Local authorities and other occupiers received an early Christmas present in December 2017 when the Court of Appeal dismissed the claim of a 78 year old man who had slipped on ice in a car park belonging to Swansea City Council.  This was a small unmanned 24 hour pay and display car park which was open to the elements.

The Claimant argued the Council had breached section 2(2) of the Occupier’s Liability Act 1957 by failing to grit the car park as a matter of course in cold weather or employ staff to report regularly on the condition of the car park.  Section 2(2) provides that occupiers should take reasonable care to ensure the reasonable safety of visitors to their premises.  This is known as the common duty of care.

The Council’s system in respect of unmanned car parks was to respond to reports of ice rather than grit every time a freeze was forecast.  The Trial Judge called this a reactive system.  While Council employees might attend the car park to collect cash from machines or inspect tickets they were not instructed to report on icy conditions.  Upon receipt of a forecast of freezing temperatures the Council’s gritters were focused on roadways and manned car parks.

The Trial Judge concluded that the reactive system used by the Council was sufficient to discharge the common duty of care.  The Court of Appeal upheld this decision and agreed that it would not be reasonable in all the circumstances to impose a duty of care that would require the Council to grit its unmanned car parks whenever icy conditions were reported.

The Court of Appeal placed weight on the 2004 House of Lords decision in Tomlinson .v. Congleton Borough Council in which Lord Hoffmann identified the balancing exercise which needs to be carried out when considering what constitutes “such care in all the circumstances of the case is reasonable” under section 2(2) of the 1957 Act.  The Court of Appeal indicated this exercise involved an assessment of four factors as follows:-

The likelihood that someone might be injured

The Court of Appeal indicated the risk of ice in cold weather was an obvious danger and pedestrians could be reasonably expected to watch out for ice and to take care.The car park did not pose a particular risk compared to any other of the Council’s car parks.There had been no previous reports of dangerous ice conditions at the car park nor any previous accidents due to ice.

The seriousness of the injury which may occur

Injury due to slipping on ice may be trivial or serious

The social value of the activity which gave rise to the risk

The car park provided the useful facility of 24 hour parking.
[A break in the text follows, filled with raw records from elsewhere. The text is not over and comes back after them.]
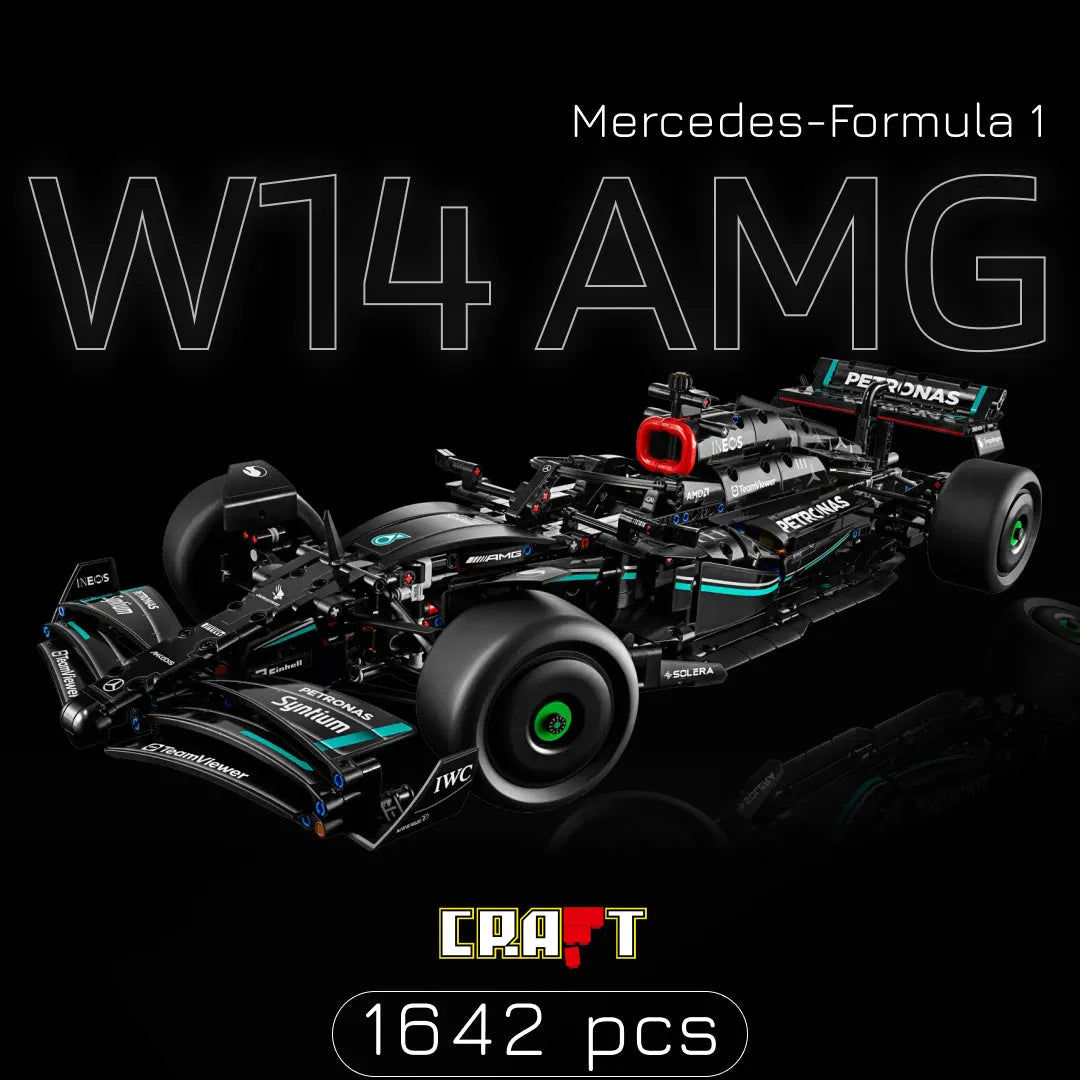 Fórmula 1 - Mercedes-AMG F1 W14 (1642 peças) - Brics Craft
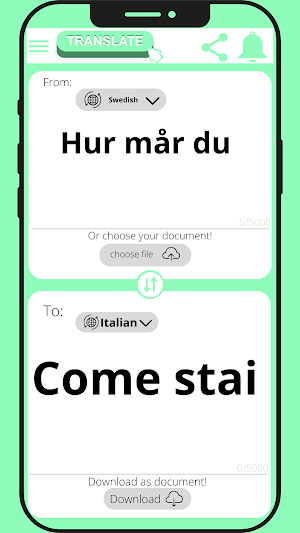 Italian - Swedish Translator Screenshot 2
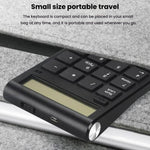 Tastiera digitale con display a doppia modalità 2.4G, tastiera wireless ricaricabile per ufficio del cassiere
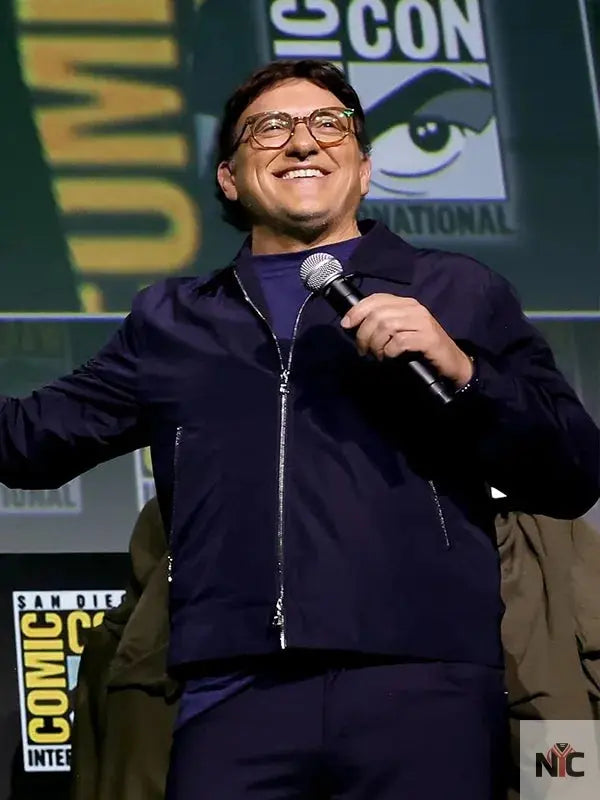 Avengers Doomsday Anthony Russo Blue Jacket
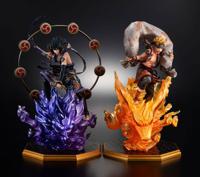 Naruto Shippuden Precious G.E.M. Series PVC Statues Naruto Uzumaki Wind God & Sasuke Uchiha Thunder God 28 Cm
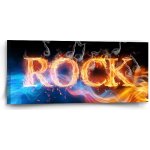 Sablio Obraz Rock - 110x50 cm – Hledejceny.cz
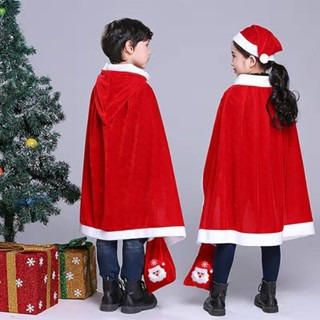 ผ้าคลุมซานต้า Size 70/90/120cm ผ้าคลุมคริสมาส ผ้าคลุม ซานต้า แซนตี้ คริสมาส Christmas Santa Clause Santy Costume Cape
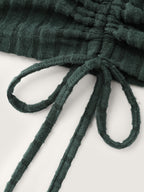 Textured Stretchy Adjustable Tie Lounge Set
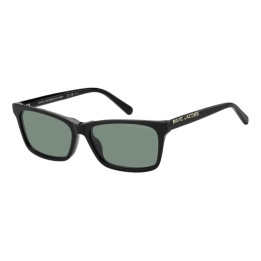 Lunettes de soleil Marc Jacobs MARC 933/S Black Green / verres Green (7ZJ-QT)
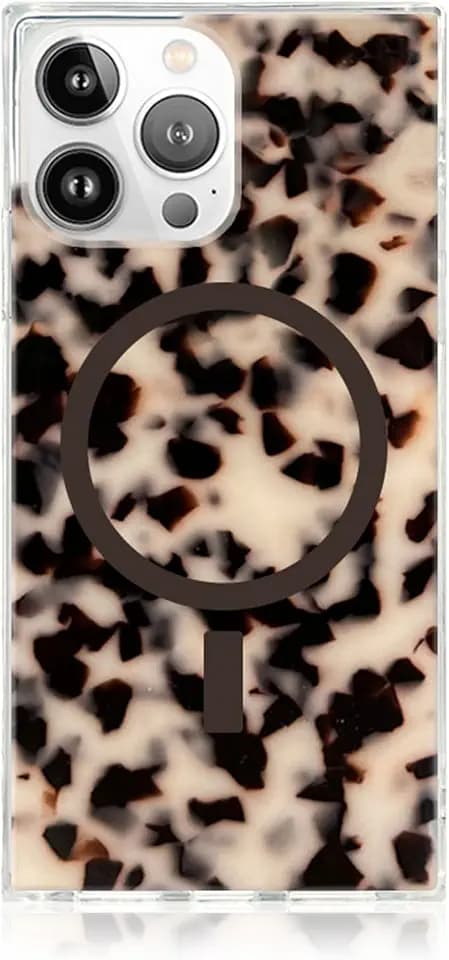 FLAUNT Official Square iPhone 14 Pro Case - Blonde Tortoise Shell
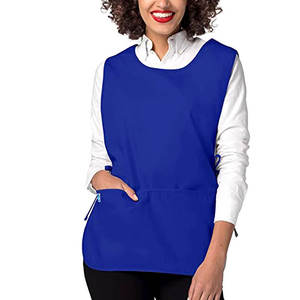 Delantal Unisex Tipo Cobbler con 2 Bolsillos, Lazos Ajustables, Varios Colores, Negro, Azul, Mezcla de Poliéster y Algodón, Sin Mangas, para Limpieza - Product Image 4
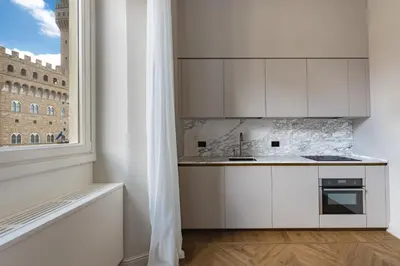 Cucina o angolo cottura di Apartments Florence - Palazzo Signoria luxury Apartments 9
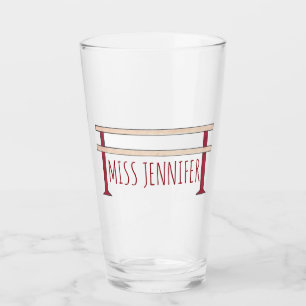 Verre Ballet Barre de danse personnalisée Professeur Bal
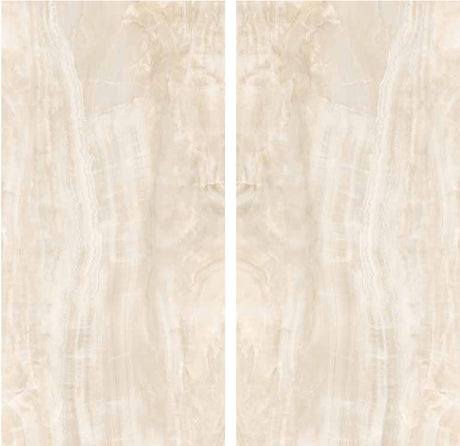 Shape Faccia Porcelain Slab Glossy bookmatch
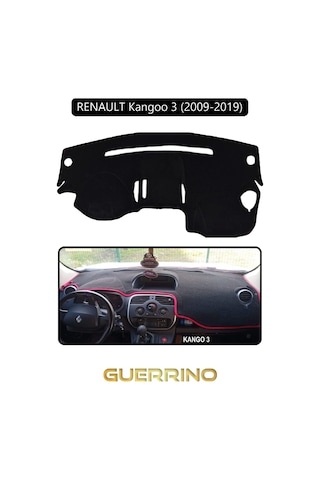 Renault Kangoo 3 2007 Now Torpido Koruma Halısı Siyah Kenar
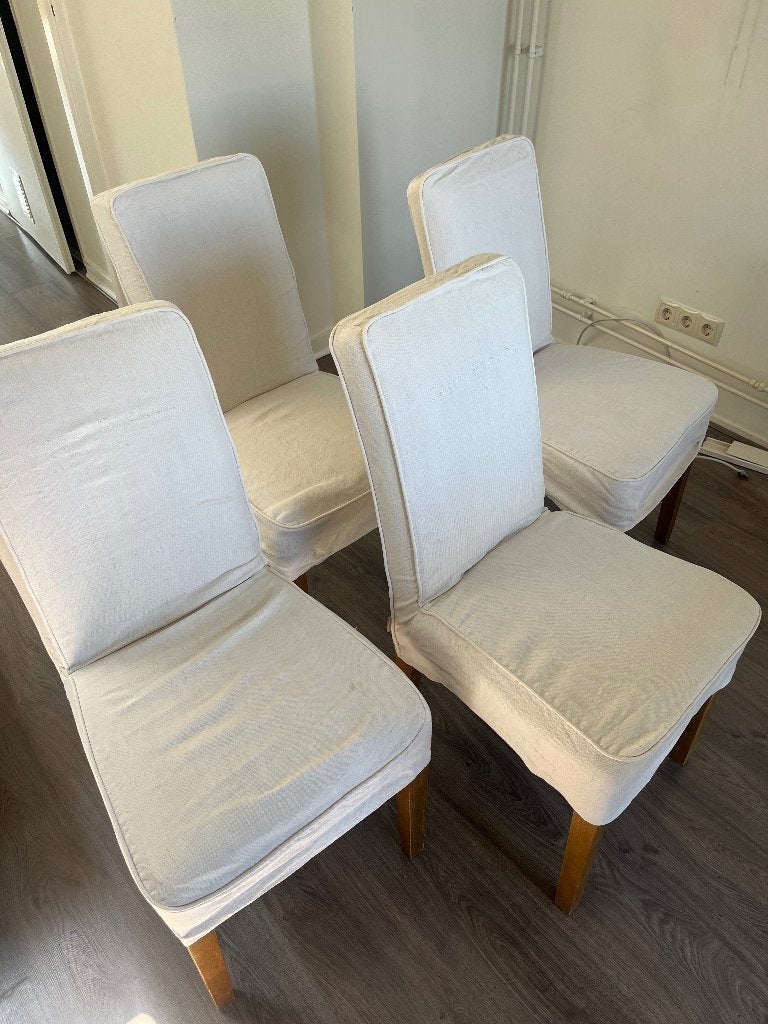 Riviera maison stoelen, Huis en Inrichting, Stoelen, Ophalen, Gebruikt, Wit, Vier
The Court of Appeal indicated that if gritting of unmanned car parks was required whenever there was a report of icy conditions the Council was likely to have to prohibit people from using the car park which would be a considerable inconvenience to members of the public.

The cost of preventative measures

The alternative to closing the car park would be manning it or arranging regular gritting.Such gritting would have to be by hand and would involve significant use of staff and material resources and the Court of Appeal indicated this would be a disproportionate and costly reaction to the risk and would have diverted resources from situations where attention was more urgently required.   As a result, the Court of Appeal upheld the decision of the Trial Judge that there was no breach of duty by the Council and the Claimant’s appeal was dismissed.